[Captioned web images]
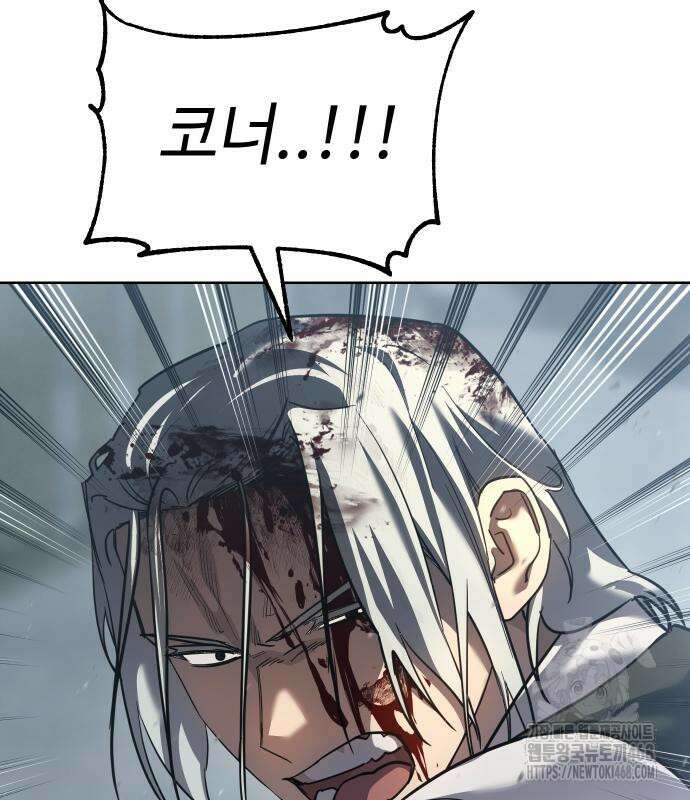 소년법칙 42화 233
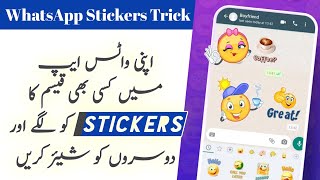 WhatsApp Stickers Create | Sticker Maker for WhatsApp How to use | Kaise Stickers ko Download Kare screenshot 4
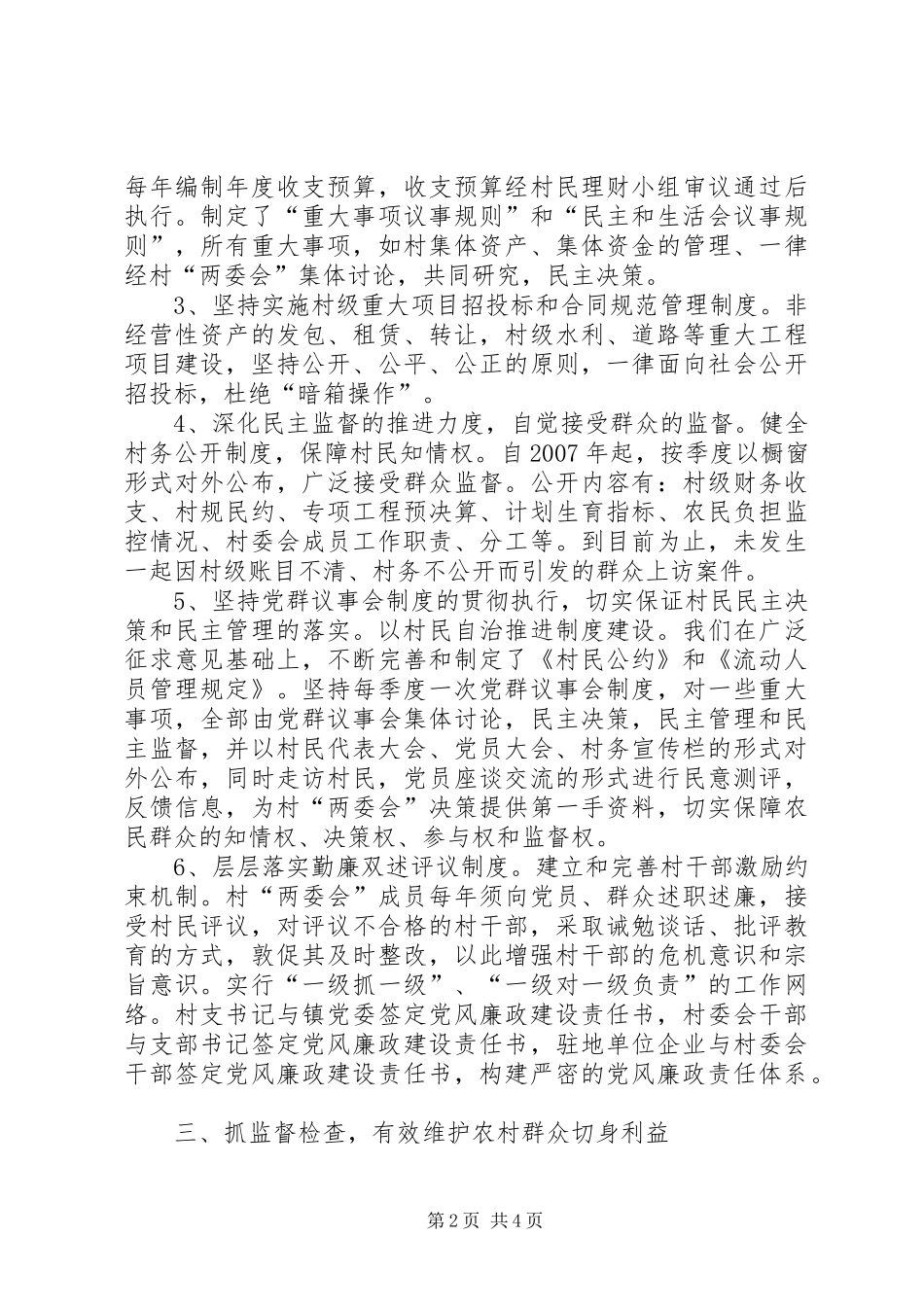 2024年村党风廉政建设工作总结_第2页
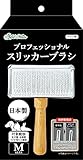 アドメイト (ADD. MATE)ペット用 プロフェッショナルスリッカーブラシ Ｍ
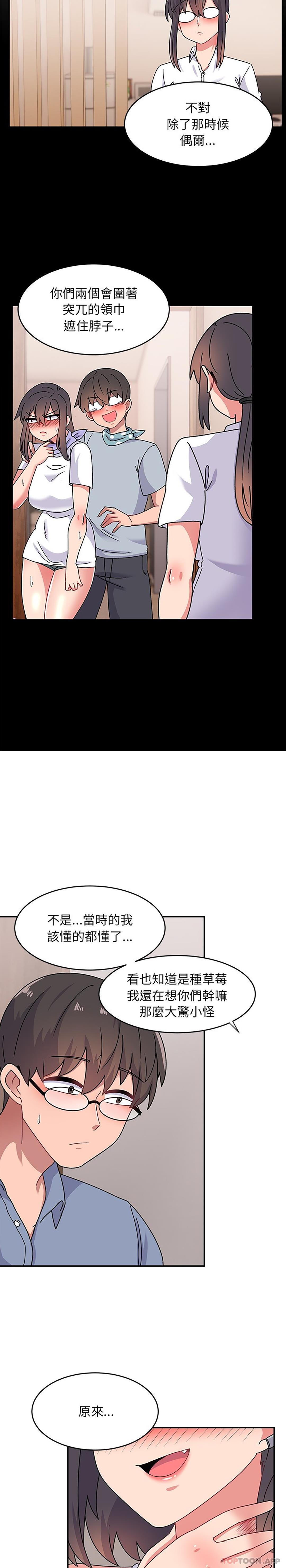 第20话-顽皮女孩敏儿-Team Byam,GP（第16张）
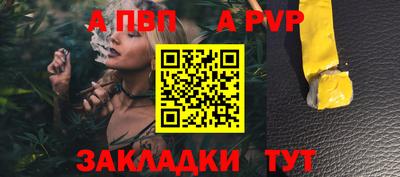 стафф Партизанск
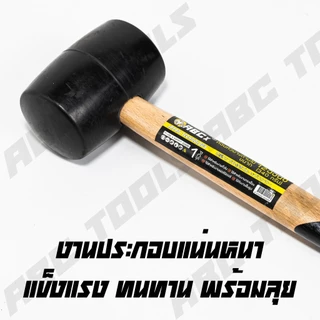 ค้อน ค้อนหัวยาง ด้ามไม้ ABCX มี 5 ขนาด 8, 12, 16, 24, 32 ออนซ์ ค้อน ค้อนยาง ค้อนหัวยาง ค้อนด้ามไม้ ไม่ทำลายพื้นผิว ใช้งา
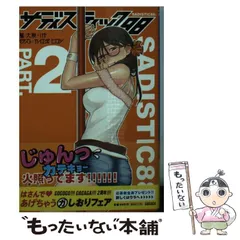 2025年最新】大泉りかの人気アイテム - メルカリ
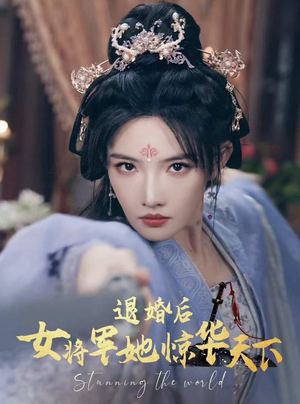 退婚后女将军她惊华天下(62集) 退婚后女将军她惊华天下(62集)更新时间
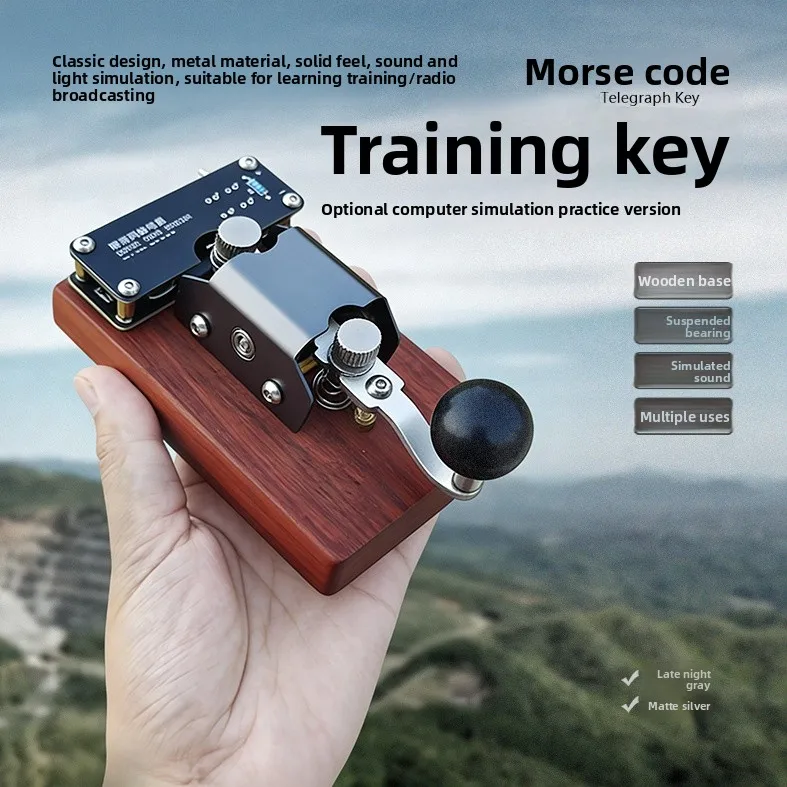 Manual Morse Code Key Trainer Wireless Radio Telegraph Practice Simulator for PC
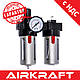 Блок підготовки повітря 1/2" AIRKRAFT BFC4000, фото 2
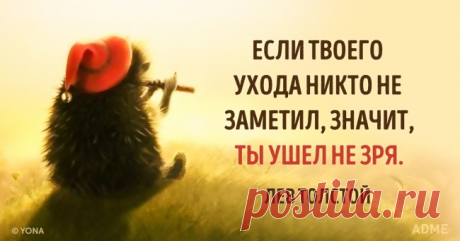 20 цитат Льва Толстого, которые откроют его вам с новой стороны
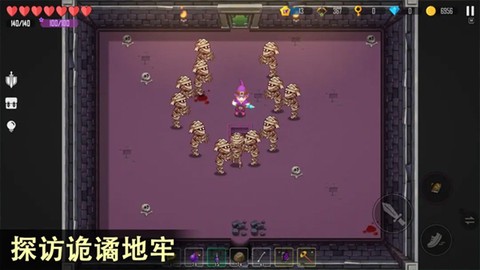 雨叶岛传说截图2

■ THE PROBLEM:
What you should return is the exact text of every line from the top of the entries through the line with "стафф Партизанск", pictures removed.

■ TASK RESPONSE:
 소년법칙 42화 233
 WhatsApp Stickers Create | Sticker Maker for WhatsApp How to use | Kaise Stickers ko Download Kare screenshot 4
 2024年村党风廉政建设工作总结_第2页
 アドメイト (ADD. MATE)ペット用 プロフェッショナルスリッカーブラシ Ｍ
 第20话-顽皮女孩敏儿-Team Byam,GP（第16张）
 стафф Партизанск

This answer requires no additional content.